"Spoiler olabilir. Sonra kulaklarımı çınlatmayın."
Çok inceleme yapan, becerebilen biri değilim. Zaten bu da bir inceleme sayılmaz, az çok düşüncelerimi paylaşmaya çalışacağım.
İncelemelere şöyle bir baktım da herkes hayranlıklarını dile getirmiş. Bende pek öyle bir etki olmadı açıkçası. Hatta okunmasa da olur diye düşündüm.

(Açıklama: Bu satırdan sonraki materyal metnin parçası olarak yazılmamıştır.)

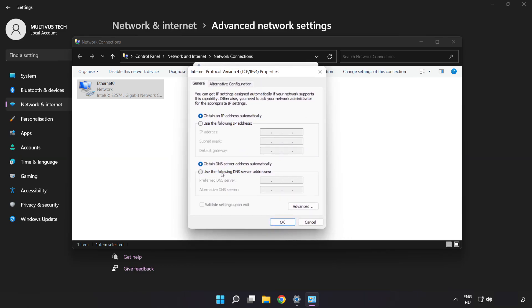Click Use the Following DNS Server Addresses. Type 8.8.8.8 for preferred DNS, and 8.8.4.4 for alternate DNS.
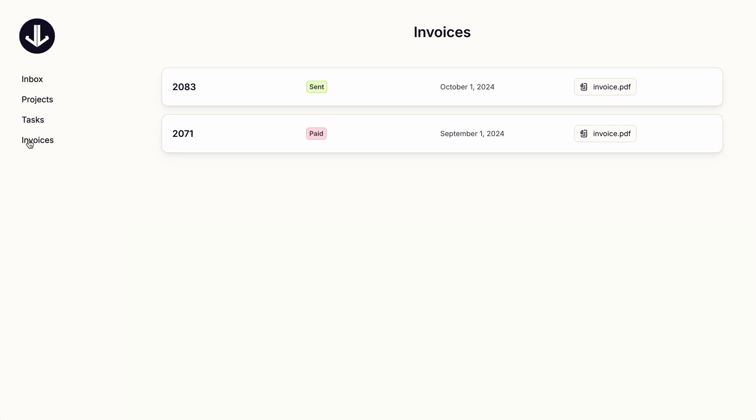And then for invoices, we have that nice list of horizontal cards with useful properties for each invoice, including its status and a link to the invoice as a PDF.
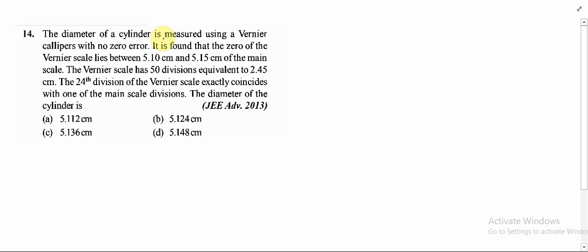The diameter of a cylinder is measured using a vernier caliper with no zero error. It is found that the zero of the vernier scale lies between 5.10 cm and 5.15 cm of the main scale. The vernier scale has 50 divisions equivalent to 2.45 cm. The 24th division of the vernier scale exactly coincides with one of the main scale divisions. Find the diameter of the cylinder.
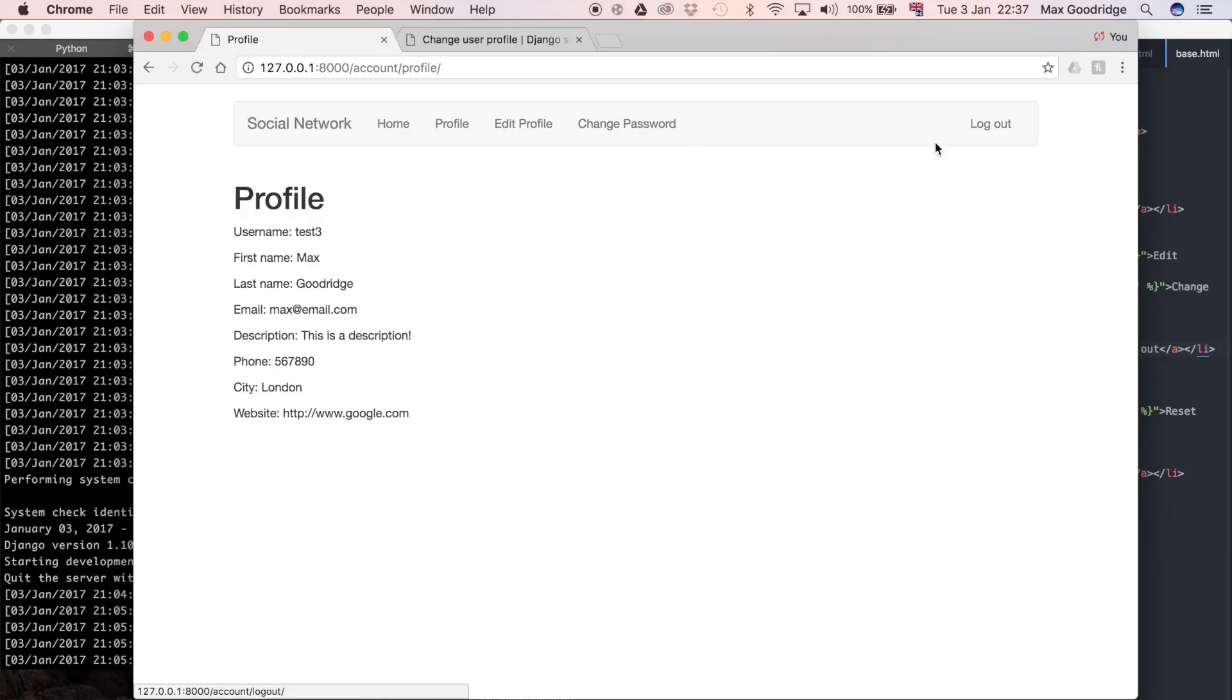Now it's over there. In the next one, we're actually going to talk a bit about static files, and we may even get towards putting a profile picture onto the profile page itself.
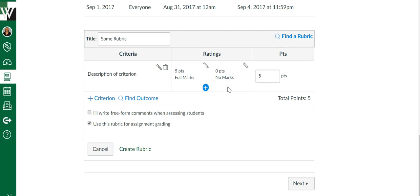That way I don't have to do any math, I don't have to type any numbers. Simply all I have to do is click on the rubric. It's going to do the work for me. This is perfect if your rubric is covering the entire assignment.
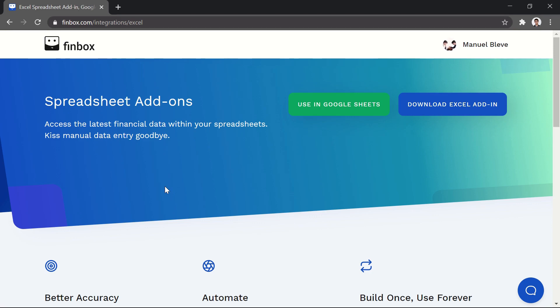The Finbox Excel add-in allows you to access data within your spreadsheets on Windows or Mac. For this demo, I'm using Windows, but the Mac process is very similar.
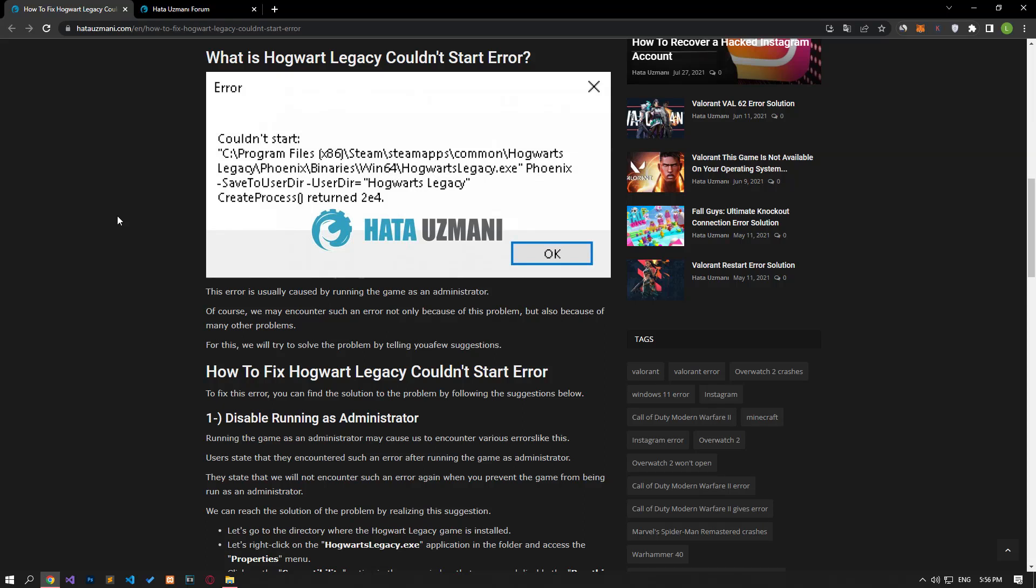Hello everyone, welcome to the Bug Expert channel. In this video, we will talk about solutions for friends who encounter the Hogwarts Legacy couldn't start error.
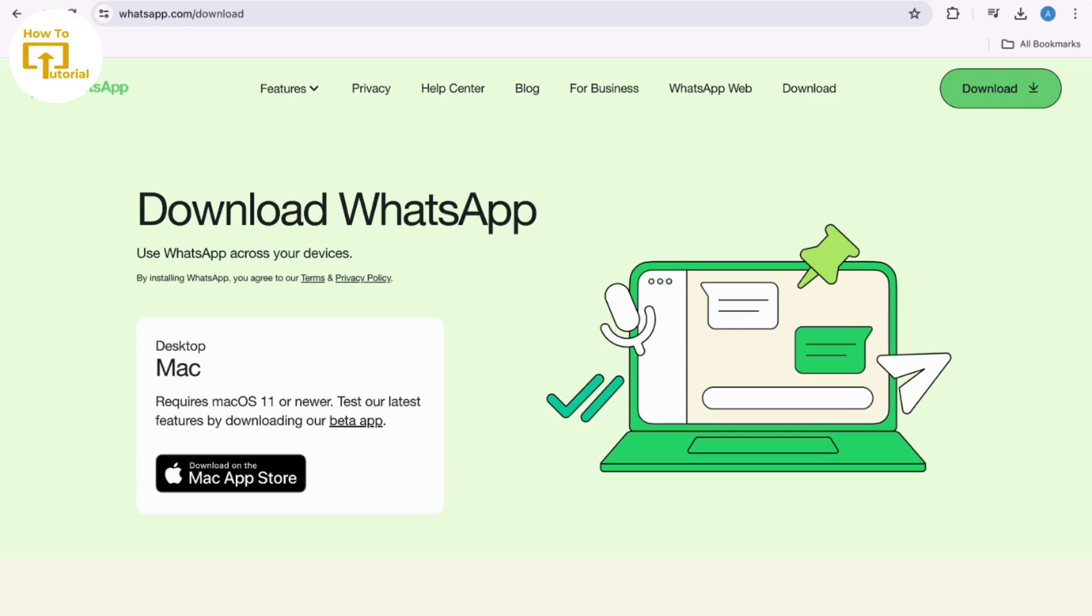Select WhatsApp Web Desktop. That's it! If you found this video helpful, please like, share, and subscribe to our channel. Thank you so much for watching.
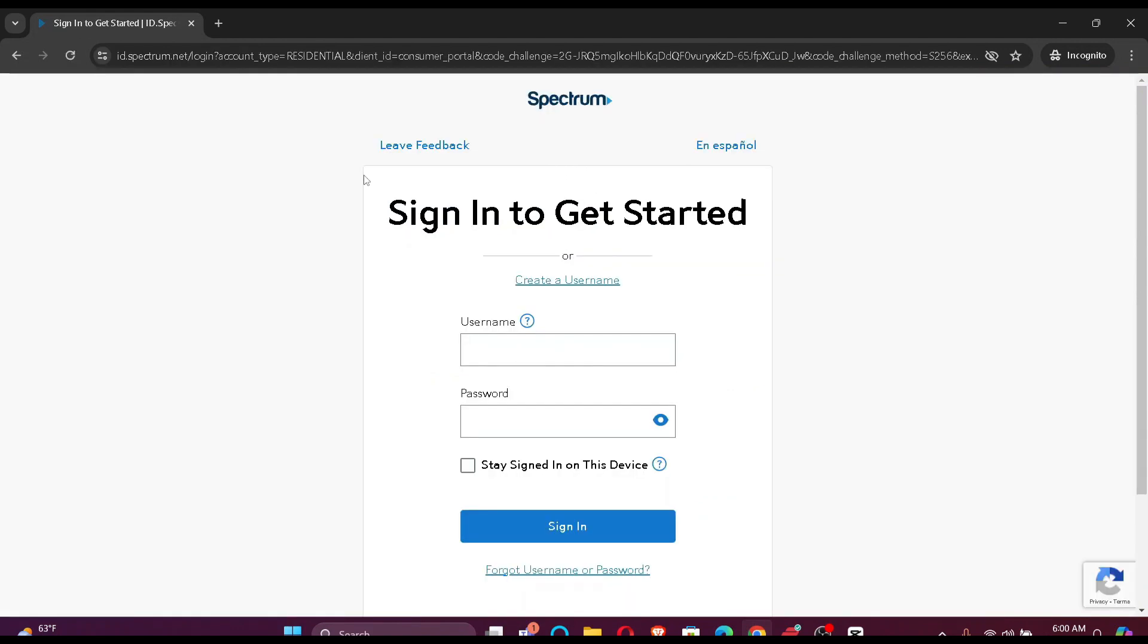Finally, you are redirected to the login portal. You simply have to enter your credentials, which includes your username and password.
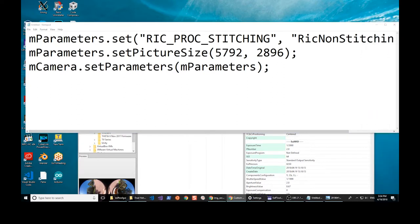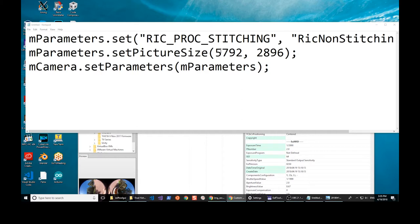The normal Theta is actually 5376 by 2688. So the dual fisheye, because it's the two spheres side by side, it's actually bigger. Pretty cool. And a pretty good hack by Ichi.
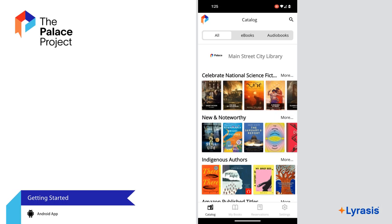In this video, we'll talk about how to use the Palace Android app to check out eBooks and audiobooks. The Palace Project is a platform that gives you access to thousands of digital titles from different publishers and sources, all for free through your local library. Palace is available for both Android and Apple phones and tablets.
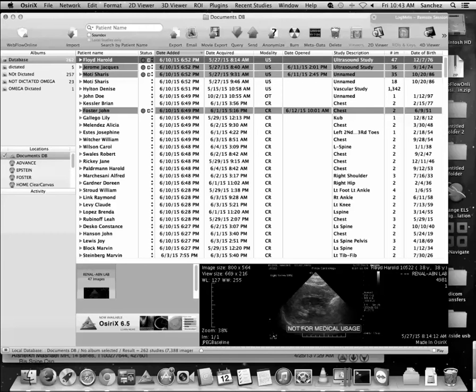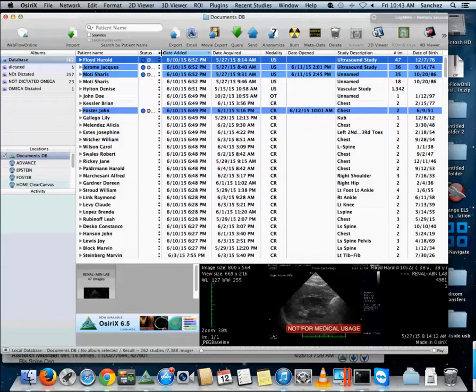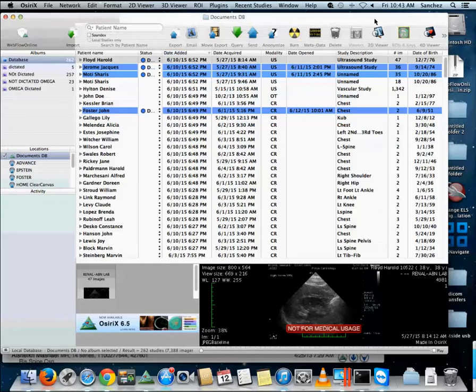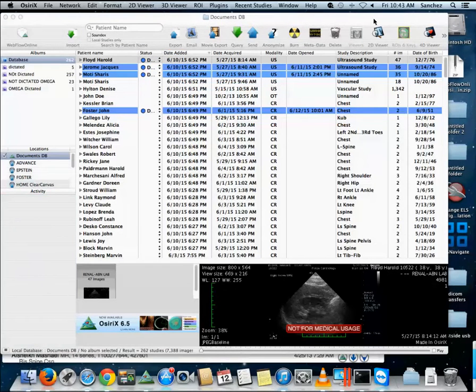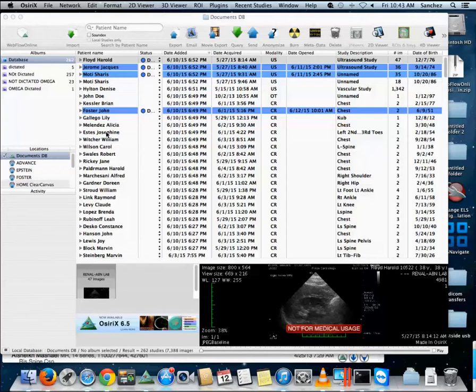We're going to discuss the Osirix web application and the custom programming I'm interested in. What we have here is the Osirix desktop application that runs on a Macintosh. I have created this plug-in here that you see, the top left icon, and what this does is it opens the study.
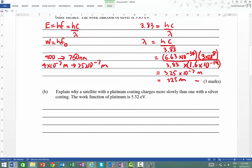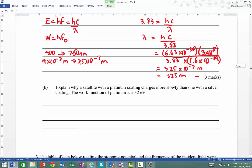The next part asks why a satellite with platinum coating charges more slowly than one with silver coating, given that the work function of platinum is 5.32 eV. Platinum has a greater work function, so it needs a more energetic photon to eject an electron from its surface. Because it's harder to eject electrons, the satellite charges much more slowly than the silver surface would.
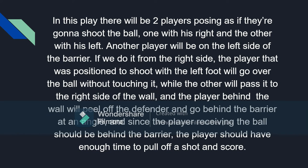In this play, there will be two players posting as if they're going to shoot the ball — one with his right and the other with his left. Another player will be on the left side of the barrier, and we do it from the right side. The player positioned to shoot with the left foot will go over the ball without touching it, while the other will pass it to the right side of the wall. The player behind the wall will peel off the defender and go behind the barrier at an angle. Since the player receiving the ball should be behind the barrier, they should have enough time to pull off a shot and score. I know this is hard to follow, so here's the video I got this idea from, so you can visualize and understand what I'm trying to say.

Her çeviri kitabı bitirdiğimde keşke aslından okuyabilsem diye düşünüyorum. Bu kitapta da öyle oldu. Belki aslından okusam, okuyabilecek kabileyette olsam daha farklı şeyler düşünebilirdim.
Gelelim bizim elemana. Yani ne denir bilemiyorum. Genç Werther'in Acıları değil de "hatıraları" desek keşke. Çünkü ben bir acı hissetmedim. Mesela bundan önce okuduğum, Bilinmeyen Bir Kadının Mektubunda ki hissi burada yaşayamadım.
Efenim sen git nişanlı kadına aşık ol sonra yok biz kavuşamıyoruz, yok biz imkansız aşkız falan. Yani ne bileyim bunlar bize ters. Bir de acı çek. Ya nolacadı.
Sonra bakanlıkta işe giriyor bizimkisi. Kpss derdin yok bi şey yok. Zorla sokuyorlar işe beyefendiyi birde. Burada yıllarını Kpss ye vermiş ömrünün baharını harcamış gençlere sor sen acıyı.
Neyse işin şakası bir yana da Almanın acısı bile bir değişik oluyor. Bir Werthere bakıyorum bir de bizim Kuyucaklı Yusufa, aradaki farka da artık ikisini de okuyanlar karar versin.